Several of these daemons can be running, but each needs a dedicated optical drive (the optical drive can be shared with a player though, for playing DVDs. The rissd will yield the drive to the player once it has determined it has nothing it needs to do for the disk in question.
SIGHUP causes the daemon to stop ripping the current track, delete the wave associated with it, and move on to the next track.
SIGINT causes the daemon to stop ripping the entire CD and give it up to the player if one is associated.
SIGTERM causes the daemon to stop ripping the current track, give up the device to a player, and quit the daemon.

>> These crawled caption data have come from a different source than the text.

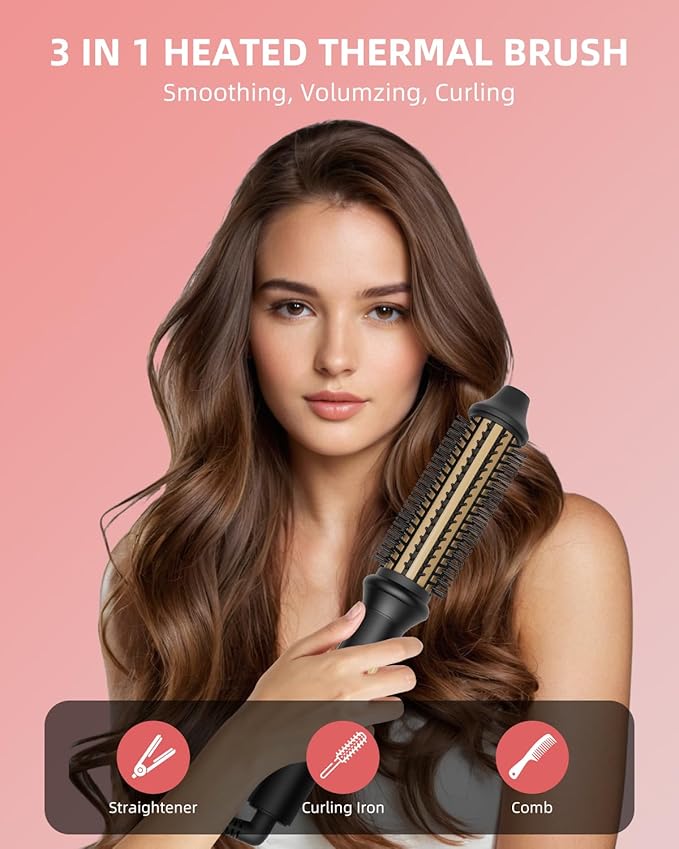 Thermal Brush, Avvnee 1.26 Inch Curling Iron for Long Dry Hair, Heated Round Brush Straightener with 10 Temp Settings, 30s Fast Heat for Curling & Volumizing, Anti-Scald Nylon Bristles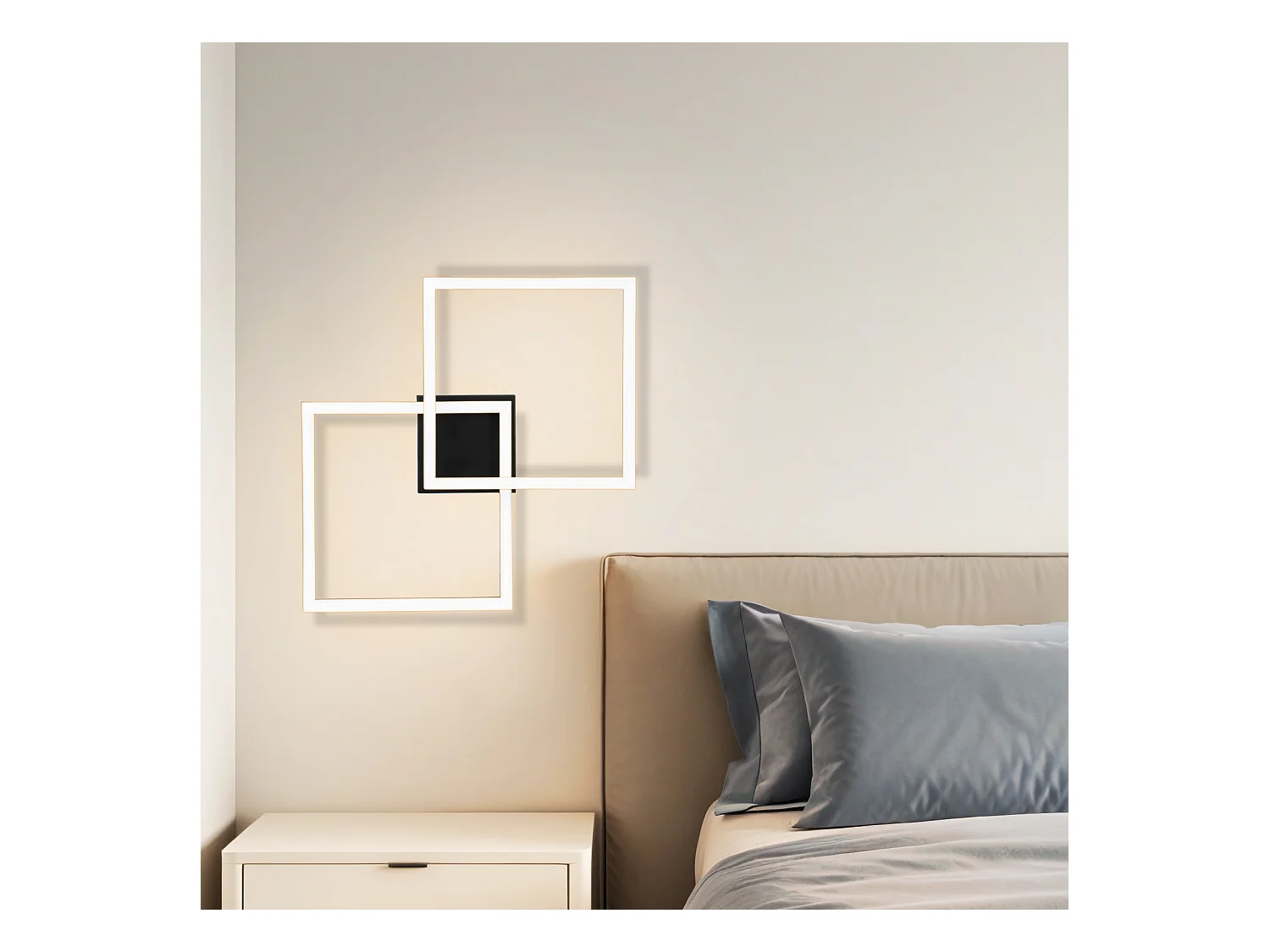 NETTLIFE Plafonnier LED plafonnier chambre 24W lampe de salon blanc chaud moderne noir carré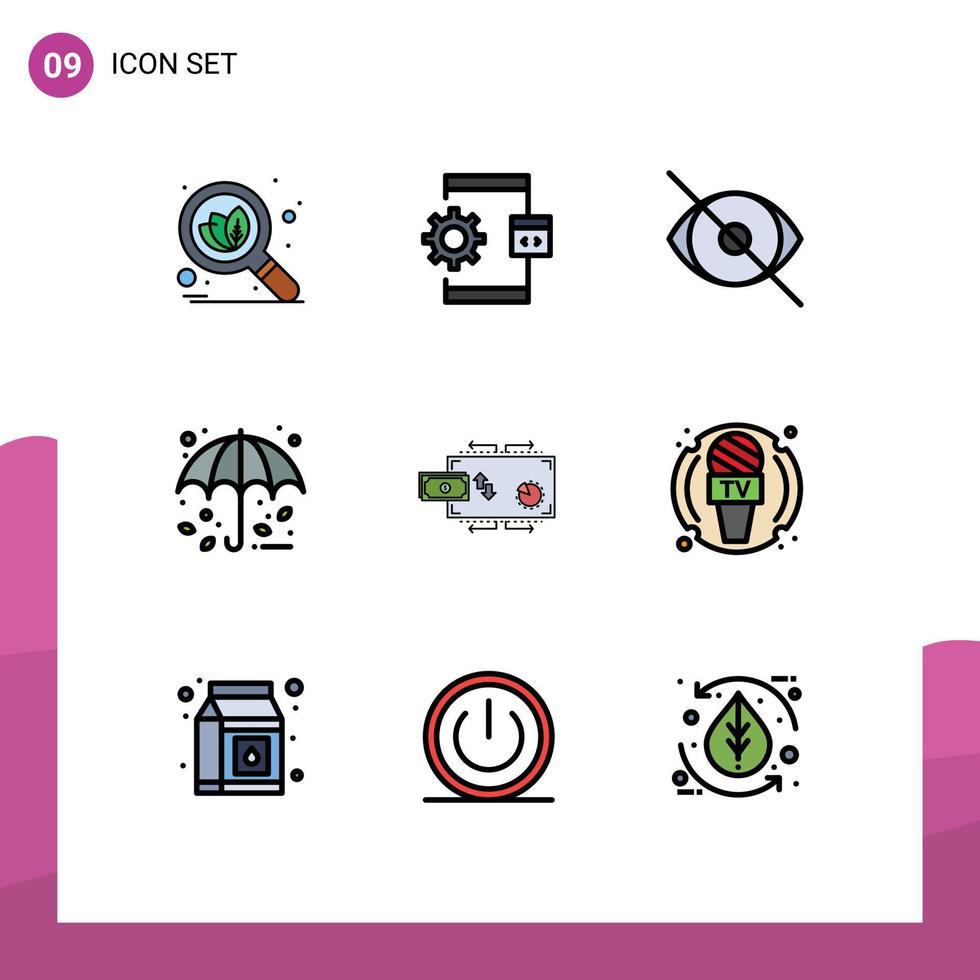 Mobile Interface Filledline Flat Color Set of 9 Pictograms of finance rain eye protection human Editable Vector Design Elements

Locking and Synchronization
- On Startup:
- trylock host:device in devicedb, or exit
- update daemondb with pid and status
- daemonize
- On Exit:
- remove entry from daemondb
- unlock host:device from devicedb
- exit
- On rip determination:
- lock trackdb
- check if track needs reripping
- lock track if we need to rerip
- unlock trackdb
- On finishing rip:
- update track data and unlock it
Nonexistant Files
When checking to see if we should replace the old file or not, make sure the old file actually exists if we are going to depend on it to be the better copy. Also, when we move the new file into place, ensure it exists in the new place before just quitting. If we can't find a resultant file, we should probably set the state to Not Ripped and the quality to 0, so we automatically update it next time through.
I think right now there is about 30 or 40 track entries without a file to match. I need to get something going to find out which ones they are, what happened, and what CDs I need to rerip. *update: found most of the files. There are still a few that are not ripped, because they are data tracks from the end of some cds that have "extras". Kinda silly. At any rate, they don't get ripped. That's probably fine. As long as we can still find the cd's in cddb while including that track in our toc calculation, I think all is well.